FST error every 10 seconds: "cannot send report broadcast"

We seem to get these errors on FSTs pretty regularly every 10 seconds, running EOS 5.4.1:


260408 02:05:50 time=1775606750.768946 func=Report                   level=ERROR logid=FstOfsStorage unit=fst@eos-fst-2.eos-fst.eos.svc.kermes-dev.local:1095 tid=00007f2a825fb640 source=Report:56                      tident=<service> sec=      uid=0 gid=0 name= geo="" xt="" ob="" msg="cannot send report broadcast"
260408 02:06:00 time=1775606760.769443 func=Report                   level=ERROR logid=FstOfsStorage unit=fst@eos-fst-2.eos-fst.eos.svc.kermes-dev.local:1095 tid=00007f2a825fb640 source=Report:56                      tident=<service> sec=      uid=0 gid=0 name= geo="" xt="" ob="" msg="cannot send report broadcast"
260408 02:06:10 time=1775606770.770140 func=Report                   level=ERROR logid=FstOfsStorage unit=fst@eos-fst-2.eos-fst.eos.svc.kermes-dev.local:1095 tid=00007f2a825fb640 source=Report:56                      tident=<service> sec=      uid=0 gid=0 name= geo="" xt="" ob="" msg="cannot send report broadcast"

Not sure what report, where it is broadcasting to, or why it failed.
How can I fix it?

Thanks!

It seems to have been related to a SSS authentication problem from the FSTs to the MGMs.

Actually this still happens sometimes, but not always. Restarting FSTs consistently fixes it, but I can’t trigger it by e.g. restarting QDBs or MGMs. It just seems to eventually start happening after a few days …

Hi Ryan,

I’m not an expert on EOS internals, but I wanted to share a similar experience we had that might be worth checking, just in case.

In our environment, we noticed that while most FSTs had heartbeat times within a few milliseconds, a specific FST would consistently show a much higher, fixed lag. It eventually turned out to be a time synchronization (Clock Skew) issue on that node.

It might not be the definitive cause of your problem—especially since a daemon restart wouldn’t fix the underlying OS clock drift—but it’s possible that a fresh restart temporarily resets the session’s drift tolerance or clears accumulated timing errors in the reporting logic.

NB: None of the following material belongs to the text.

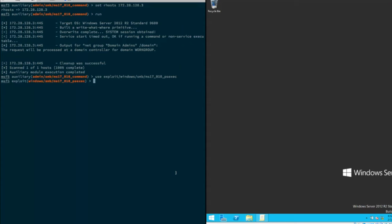I'll load up the actual exploit module, set the R host to the particular VM, and exploit it.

Also, if you haven’t already, I highly recommend switching to the MQ on QDB configuration. In our case, moving the Message Queue to QuarkDB significantly improved the stability of the heartbeats and overall communication between FSTs and MGMs. If the MQ is struggling to handle reports, it could definitely trigger those “cannot send report broadcast” errors intermittently.

Hi Geonmo ,

Hmm interesting, thanks for the tip, I’ll keep an eye on that and check next time it happens.

Agreed, the no-MQ mode is much better, we have been using that.

Thanks!

Hi Ryan,

Just a quick follow-up after looking into the EOS/QDB telemetry architecture.

Actually, the 10-second interval of the error is a big clue. Under normal conditions, the FST is supposed to broadcast this report every 1 second. The fact that you are seeing it exactly every 10 seconds means the previous transmission failed, and the FST is hitting a 10-second retry back-off timer—which then continuously fails as well. This indicates a persistent connection failure rather than a sporadic one.

Since you are running in no-MQ mode, this continuous failure strongly points to the FST’s TCP/application session to the QuarkDB-backed MQ getting stuck in a “half-open” state.

Since we are managing the infrastructure rather than modifying the source code, here are a few server-side and architectural angles worth checking:

  1. Keepalive & Session Timeout Settings: Since only an FST daemon restart fixes the issue, the FST is likely failing to detect that its socket has gone stale. It might be worth checking the OS-level TCP keepalive settings on the FST nodes, or seeing if there are any timeout/eviction policies on the QuarkDB side that are dropping the session without the FST realizing it.

  2. QuarkDB Leader Flaps: Since the FST talks directly to QDB, intermittent network hiccups or frequent QuarkDB leader elections could trigger the initial drop. If a leader change occurs and the FST fails to cleanly migrate its publisher session to the new active leader, it will get trapped in this 10-second failure loop.

  3. MGM Listener Drops: Due to architectural differences between the legacy MQ and the QDB-Redis messaging layer, if the MGM’s subscriber/listener count drops to 0 momentarily on the server side, it can cause the messaging channel to misbehave.

Tracing the MGM listener state in real-time can be tricky, so as a practical first step, I highly recommend focusing on the QuarkDB cluster status first. Checking the QDB logs for any leader re-elections or cluster flaps around the exact timestamp the errors start might give you a clear answer.